LE INCOGNITE DI UN MOVIMENTO CHE RISCHIA L’AUTOGOL

 

di Massimo Franco

 

Il tiro al bersaglio dei grillini contro il loro leader Giuseppe Conte sta diventando vistoso. Delegittimare l’esponente cooptato e spedito per due anni e mezzo a Palazzo Chigi dal Movimento sa di autogoal. Anche perché l’unico motivo per il quale è stato scelto l’ex premier sarebbe la sua popolarità tuttora resistente. Il modo sarcastico in cui Beppe Grillo lo apostrofa, e il ministro degli Esteri, Luigi Di Maio, si limita a osservare, sembrano fatti per mettere alla prova le doti leggendarie di incassatore di Conte.

Le voci accreditano una competizione tra lui e l’ex sindaca di Roma ,Virginia Raggi, bocciata alle elezioni di ottobre. E come tempi della resa dei conti, di nuovo, si indica il voto per il Quirinale a fine gennaio. Ma tutto fa pensare che spingere il ridimensionamento di Conte fino alle estreme conseguenze rappresenti tuttora un azzardo per la nomenklatura. È stato scelto dal M5S, con una finzione di tregua tra lui e Grillo che è difficile disdire senza accentuare un disorientamento allarmante.

Appaiono più verosimili un conflitto latente e un logoramento progressivo, che aggraveranno la crisi dei Cinque Stelle senza farla esplodere: almeno a breve. Che la leadership di Conte sia più debole di quanto si pensasse è evidente. Altrettanto palpabile, e rischiosa, è però a voglia degli avversari interni di dimostrare che il suo potere nel Movimento è limitato. Le nomine alla Rai sono state la manifestazione eclatante del tentativo di certificare che i suoi margini di manovra sono limitati: sebbene la narrativa ufficiale sia quella di una grande unità.

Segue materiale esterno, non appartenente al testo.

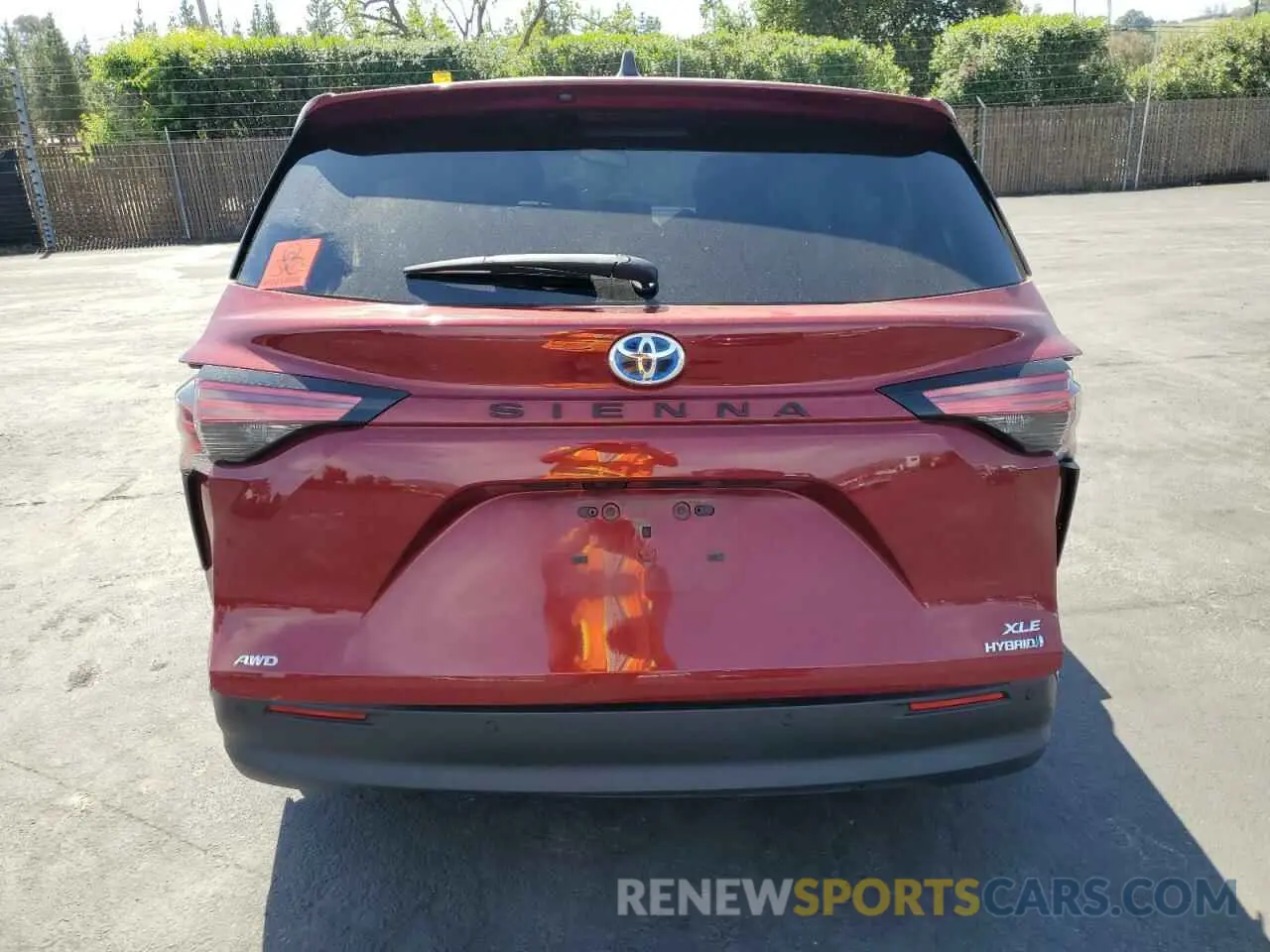 6 fotografías del automóvil dañado 5TDYSKFC8MS010935 TOYOTA All Models 2021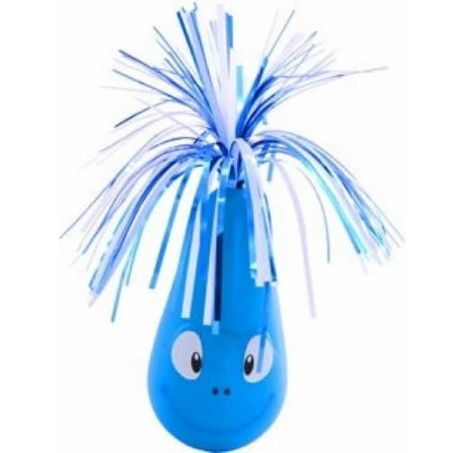 Flamingo Interaktivní hračka pro kočky houpací Crazy Frog modrá 6,5x20cm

Trattandosi di quella che rimane la formazione di maggioranza relativa, c’è da chiedersi quale sarà la ricaduta di questa incertezza al vertice. L’impressione è che accentuerà la tentazione di uscire dalle difficoltà lanciando sempre più temi «populisti», con gli occhi puntati su eventuali elezioni anticipate. Per un Conte che si sente insidiato dai «governisti» grillini e sottovalutato dal premier Mario Draghi, la tattica è quasi obbligata: marcare una differenza rispetto alla coalizione, e sventare le trappole all’interno del M5S, anche assecondando le spinte più demagogiche.

Il suo appello di ieri ad aumentare gli stipendi degli italiani ne è una traduzione. Approfittando del «via libera» del Parlamento Ue al salario minimo, Conte dichiara: «Basta perdere tempo. Alziamo i salari!». L’appello ha ricevuto una accoglienza fredda. In quasi tre anni a Palazzo Chigi, il problema non si era posto. Ma le situazioni cambiano, è la replica. Per questo i grillini si preparano a dire sì al finanziamento pubblico dei partiti, prima demonizzato, e ad archiviare il divieto di candidarsi più di due volte. L’alibi sarà l’avallo digitale della Rete.